> **Material supplied**:
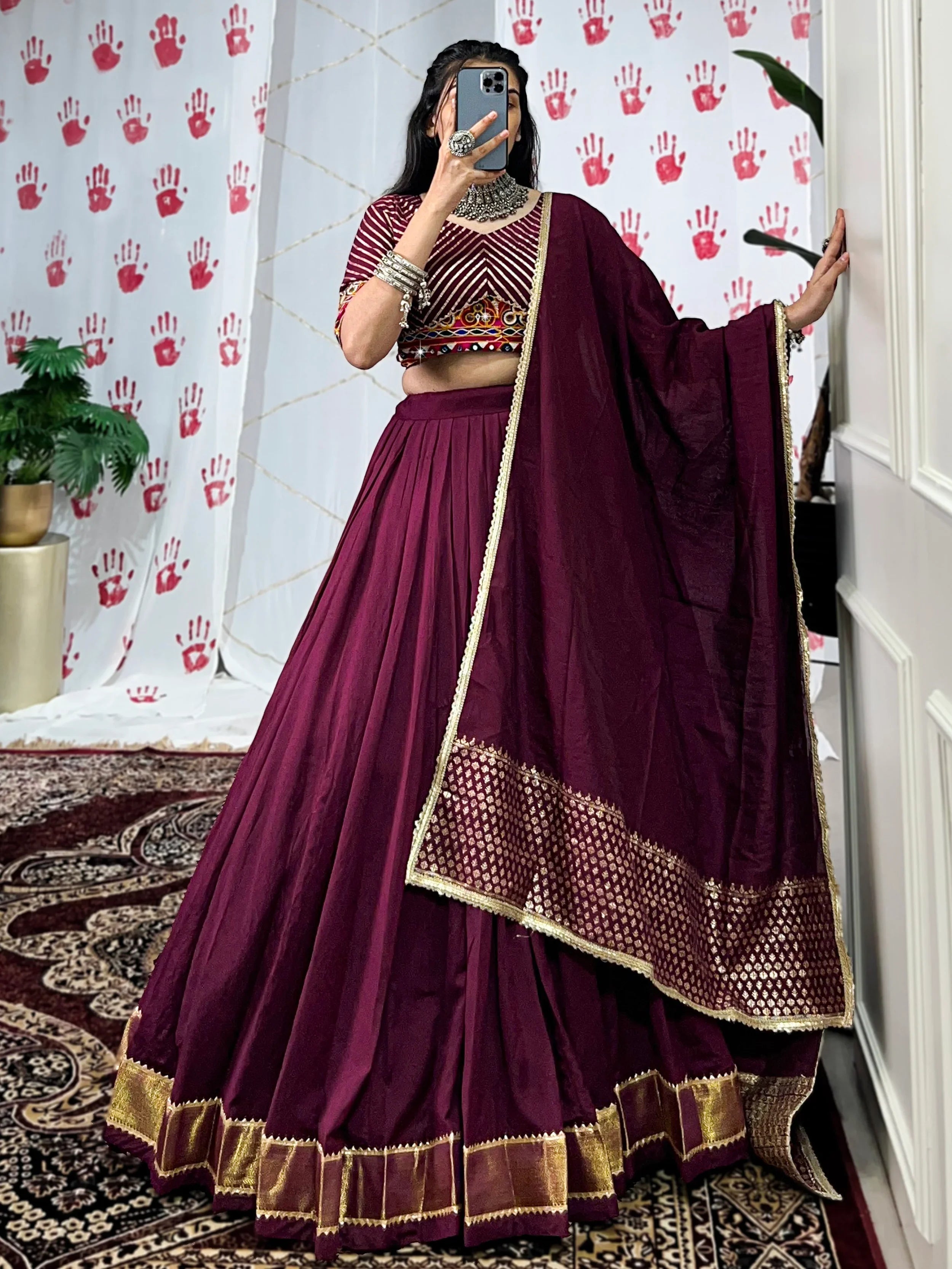 Wine pure chanderi lehenga choli with zari weaving and mirror gamthi work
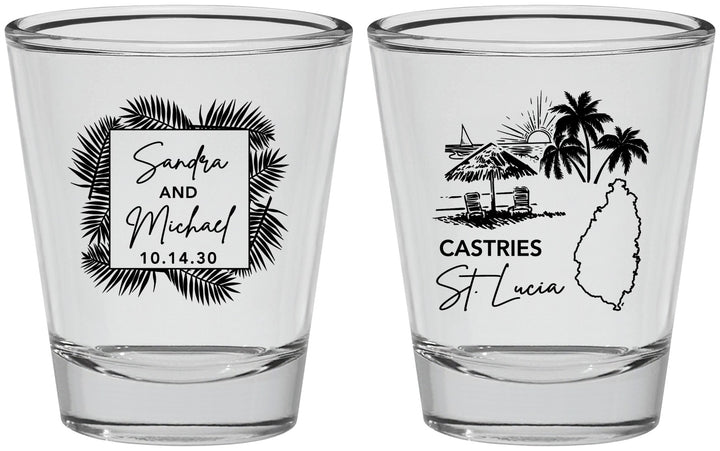 Personalized Wedding Shot Glasses - St Lucia | 541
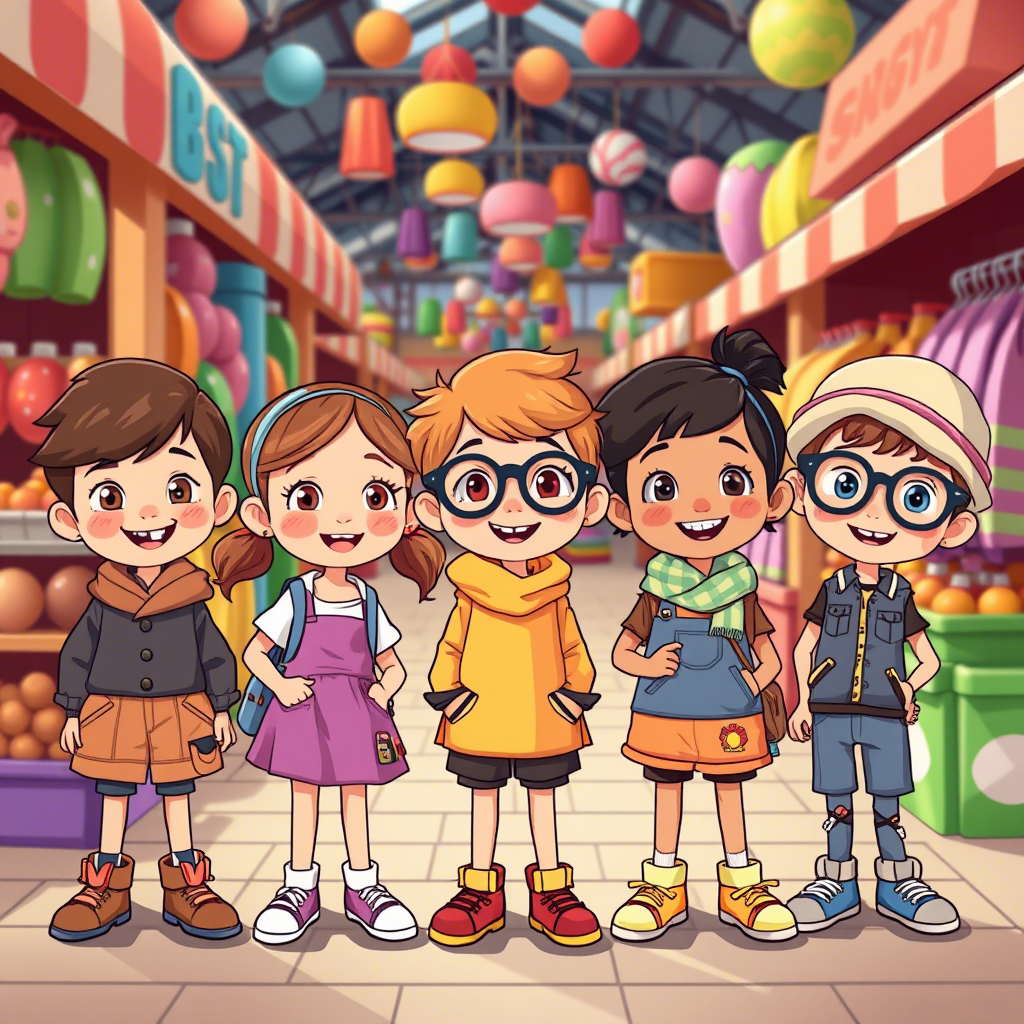 Vibrant cartoon kids wearing diverse outfits in a playful marketplace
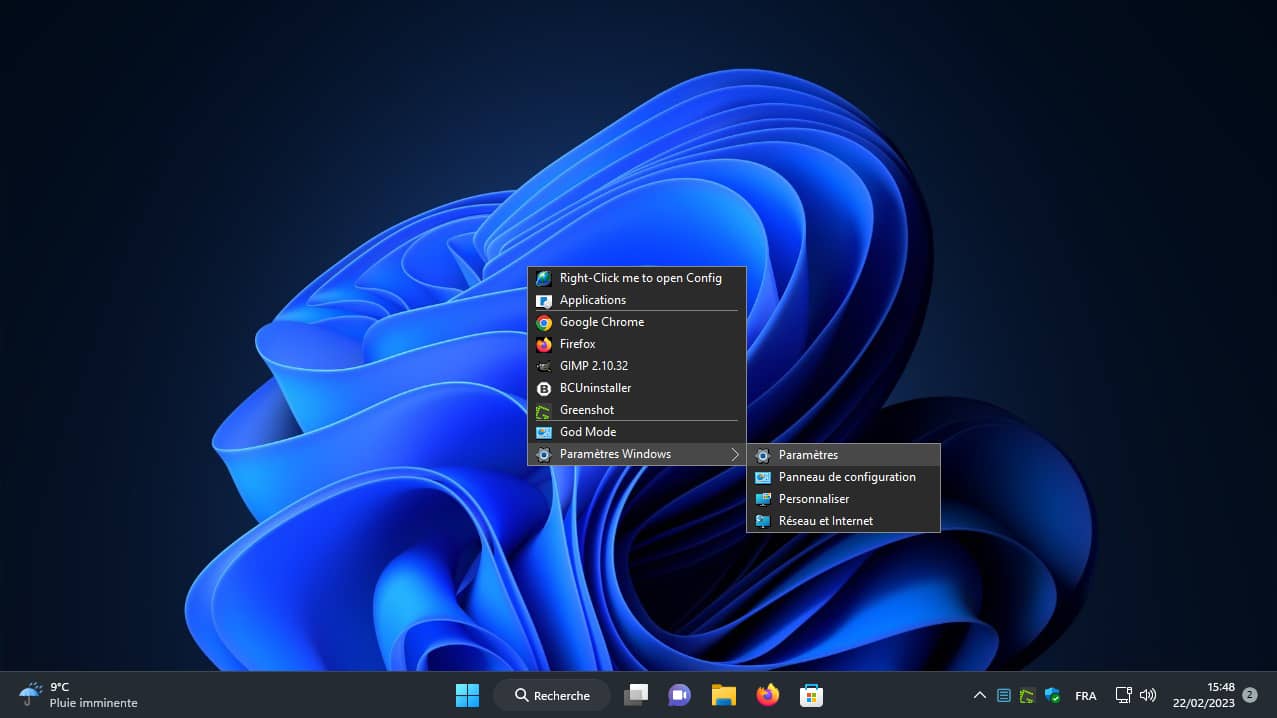 Exemple de menu de bureau Windows personnalisé avec Custom Menu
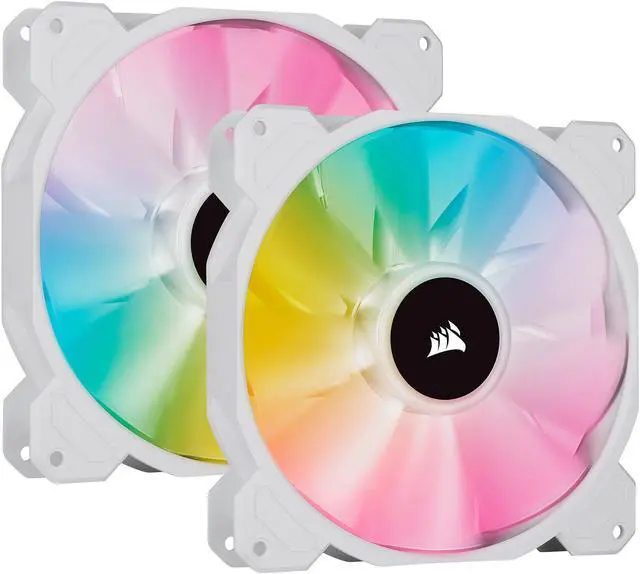 Main image of CORSAIR iCUE SP140 RGB ELITE Performance 140mm White PWM Dual Fan Kit with iCUE Lighting Node CORE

> **Task prompt**:
Please transcribe every entry above exactly, leaving out any pictures.

> **Task answer**:
 Wine pure chanderi lehenga choli with zari weaving and mirror gamthi work
 Personalized Wedding Shot Glasses - St Lucia | 541
 Vibrant cartoon kids wearing diverse outfits in a playful marketplace
 Exemple de menu de bureau Windows personnalisé avec Custom Menu
 Main image of CORSAIR iCUE SP140 RGB ELITE Performance 140mm White PWM Dual Fan Kit with iCUE Lighting Node CORE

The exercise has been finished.